Taking his name from a character in movie The Goonies, Chicago-based DJ/producer Copperpot, aka Chester Copperpot, came to underground rap's fore strongly affiliating with the growing U.K. hip-hop scene, where his initial success began. Citing a long list of disparate influences that includes Duran Duran and DJ Premier, the producer pieces together beats in a fairly standard fashion, but it's where he draws his samples from -- atypical sources like East Asian folk, choral music, video game scores, and Eastern European jazz-funk -- that gives his productions interesting textures.

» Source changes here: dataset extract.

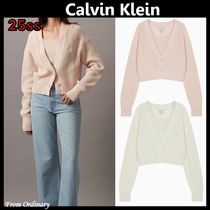 [CALVIN KLEIN] 2 IN 1クロップドカーディガン ★大人気★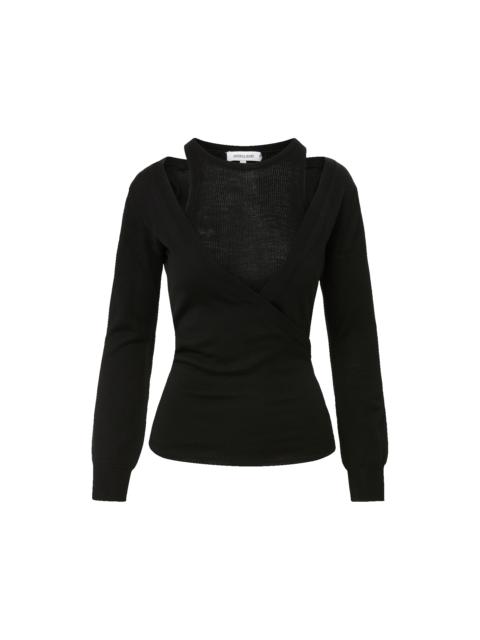 VERONICA BEARD LOLASEE MERINO WOOL PULLOVER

Born in Chicago, IL, on February 15, 1979, Daniel Kuypers took a serious interest in hip-hop around the mid-'90s when he switched gears from skateboarding to experimenting with turntablism. After his high-school graduation in 1997 in Evanston, IL, he attended four different colleges, studying poetry, English, and music theory with plans to become a teacher. His drive to start making beats was fostered by his discontent with how hip-hop was evolving at the end of the millennium, and so he bought his first MPC in 2000. When he went to live in the Czech Republic for a writing program, he instead chose to develop his beat-making skills and travel all around Europe, eventually bumping into Low Life Records CEO/rapper Braintax in the U.K. In 2001, he returned to Chicago and submerged himself into hip-hop production. He joined a local turntablist ensemble named Phonograph Scientists, performing with them around the Midwest, and also earned his first production credit on the Walk Thru Walls (2001) album by Chicago undergrounder Qwazaar of Typical Cats.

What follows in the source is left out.